**Required action:**
Some entries follow. Reproduce exactly the lines starting at the one with "Arch im neu" and stopping after the one with "OSCAR DE LA".

**Supplied data:**
== Segment start ==
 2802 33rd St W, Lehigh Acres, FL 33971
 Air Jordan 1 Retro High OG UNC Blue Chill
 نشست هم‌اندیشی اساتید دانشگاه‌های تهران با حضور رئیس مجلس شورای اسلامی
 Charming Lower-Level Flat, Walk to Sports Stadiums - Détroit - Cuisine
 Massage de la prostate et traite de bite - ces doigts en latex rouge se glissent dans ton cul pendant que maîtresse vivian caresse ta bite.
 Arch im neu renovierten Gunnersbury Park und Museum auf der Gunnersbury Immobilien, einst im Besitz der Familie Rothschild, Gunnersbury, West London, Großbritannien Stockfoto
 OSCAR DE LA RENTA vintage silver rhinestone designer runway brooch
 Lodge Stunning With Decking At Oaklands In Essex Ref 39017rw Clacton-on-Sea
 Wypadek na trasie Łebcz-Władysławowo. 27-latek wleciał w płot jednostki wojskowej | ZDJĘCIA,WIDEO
== Segment end ==
== Segment start ==
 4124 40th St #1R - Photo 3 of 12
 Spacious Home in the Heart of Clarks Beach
== Segment end ==
== Segment start ==
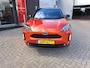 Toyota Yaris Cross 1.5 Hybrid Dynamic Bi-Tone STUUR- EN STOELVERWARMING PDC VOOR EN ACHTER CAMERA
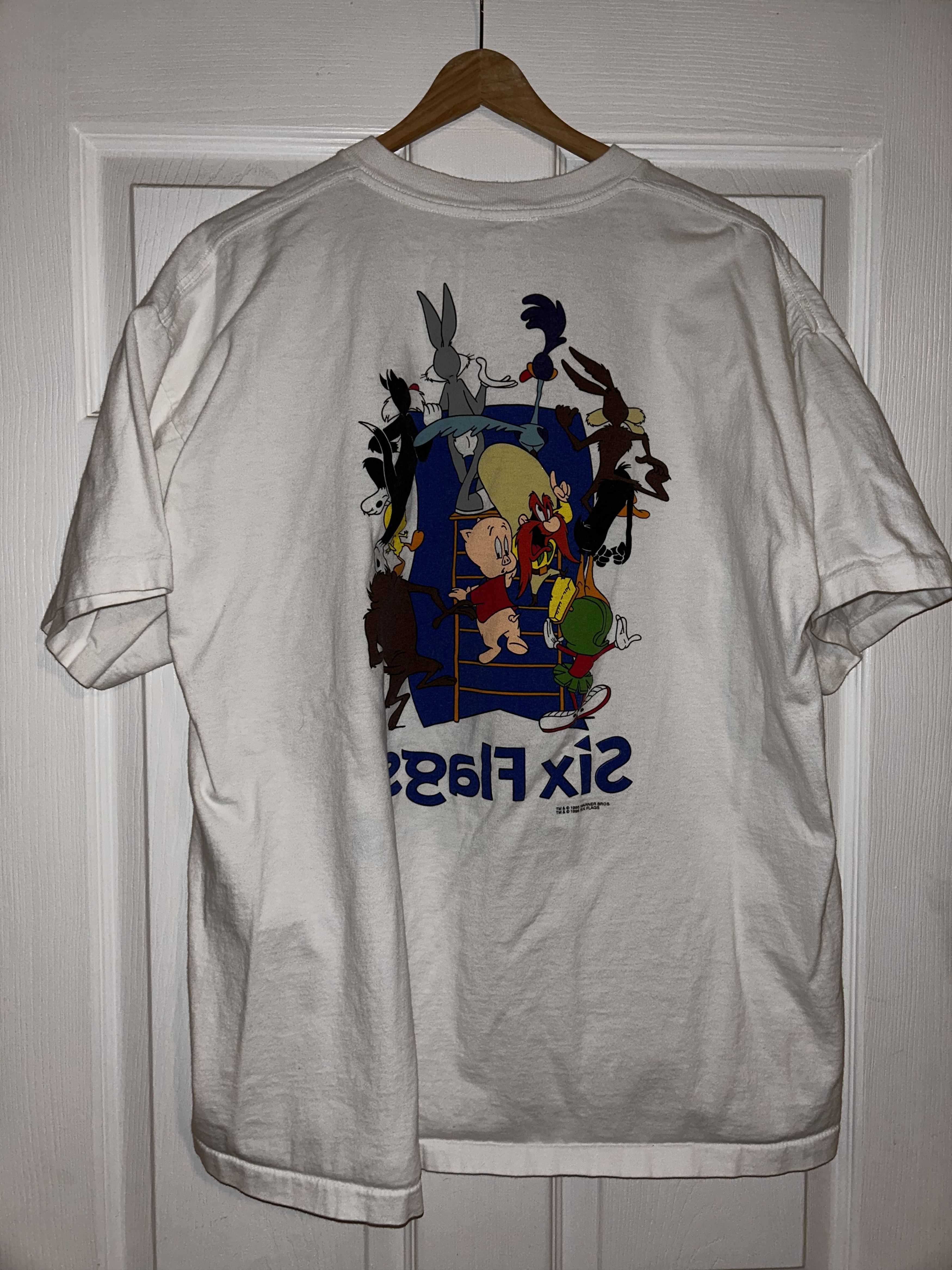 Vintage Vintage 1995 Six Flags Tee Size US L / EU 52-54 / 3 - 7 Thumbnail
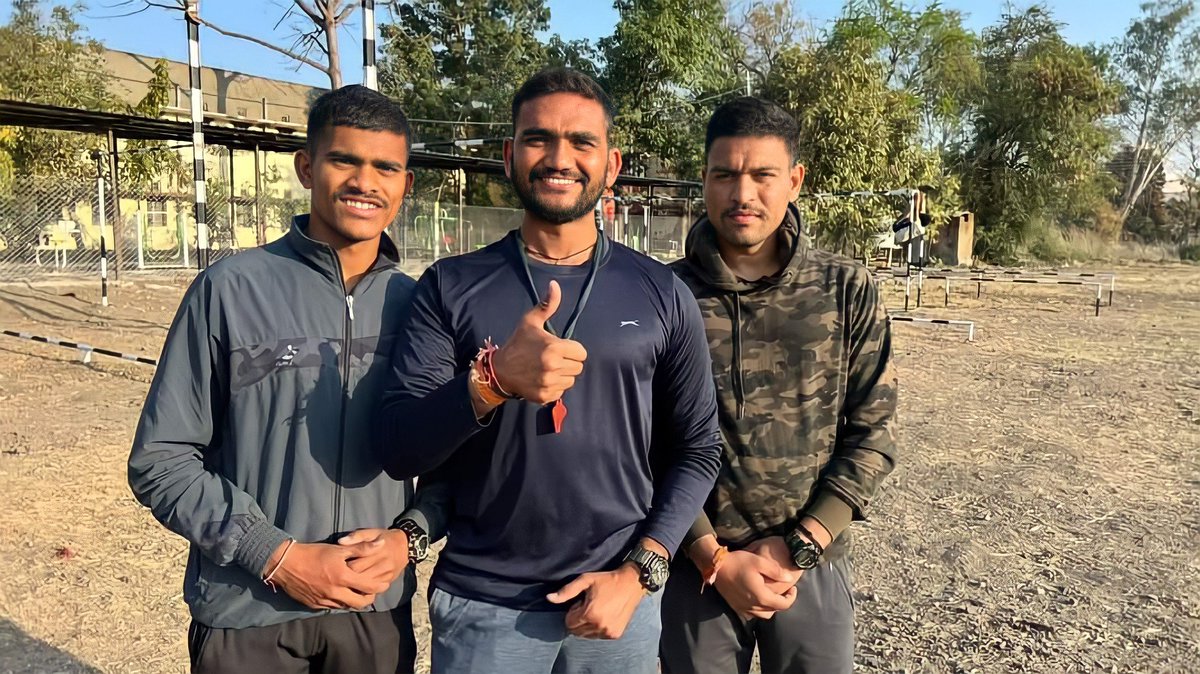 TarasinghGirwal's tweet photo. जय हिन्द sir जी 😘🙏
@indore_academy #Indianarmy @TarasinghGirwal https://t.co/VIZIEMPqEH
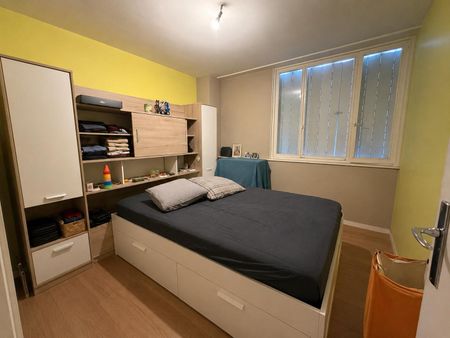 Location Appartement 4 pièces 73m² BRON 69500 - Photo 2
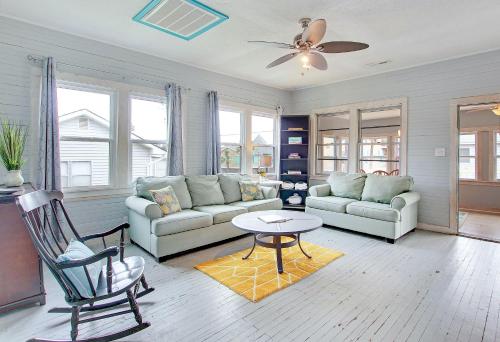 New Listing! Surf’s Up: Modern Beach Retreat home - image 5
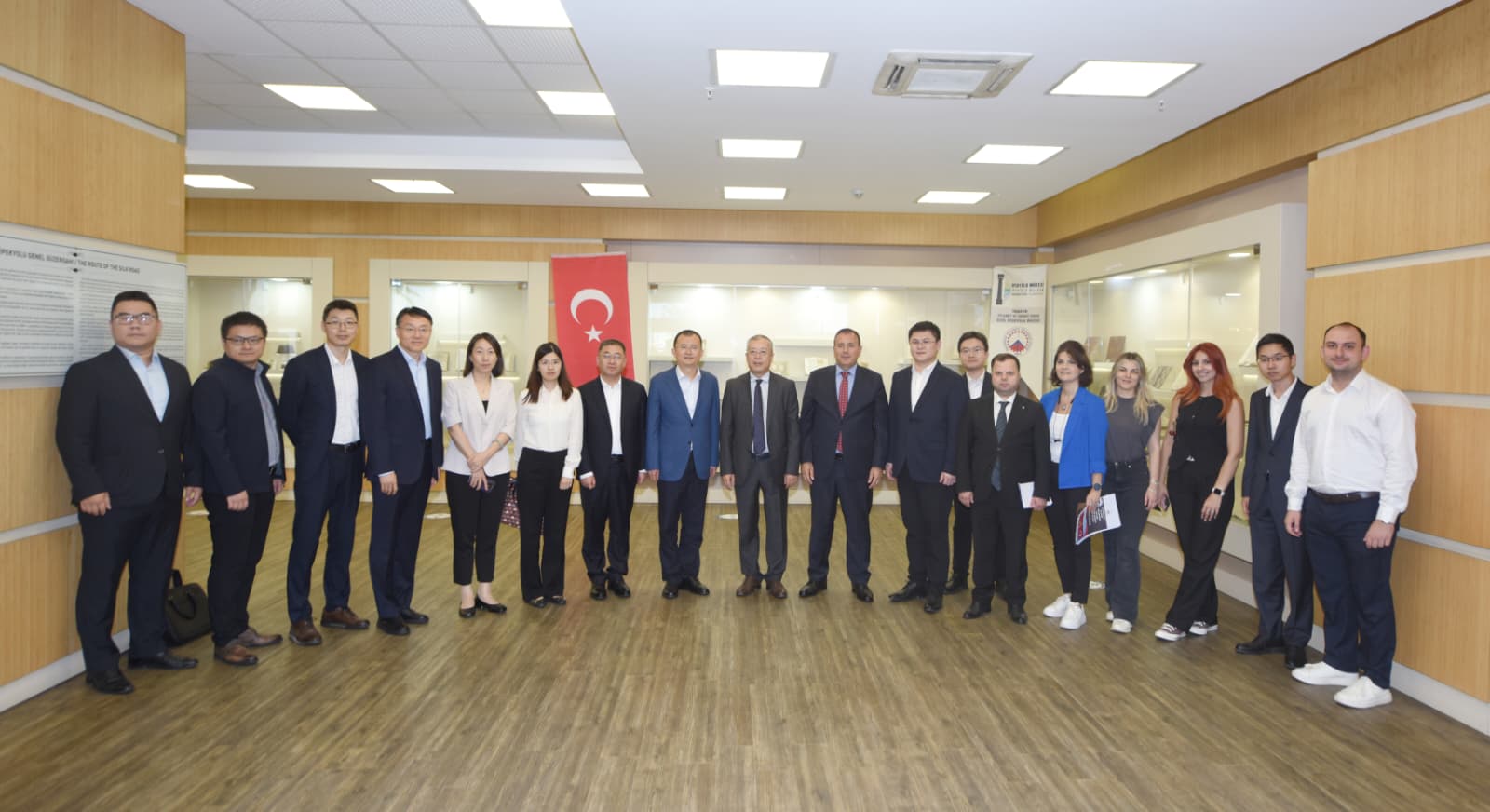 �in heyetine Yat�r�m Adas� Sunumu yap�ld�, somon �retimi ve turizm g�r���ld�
== Segment end ==
**Exercise solution:**
 Arch im neu renovierten Gunnersbury Park und Museum auf der Gunnersbury Immobilien, einst im Besitz der Familie Rothschild, Gunnersbury, West London, Großbritannien Stockfoto
 OSCAR DE LA RENTA vintage silver rhinestone designer runway brooch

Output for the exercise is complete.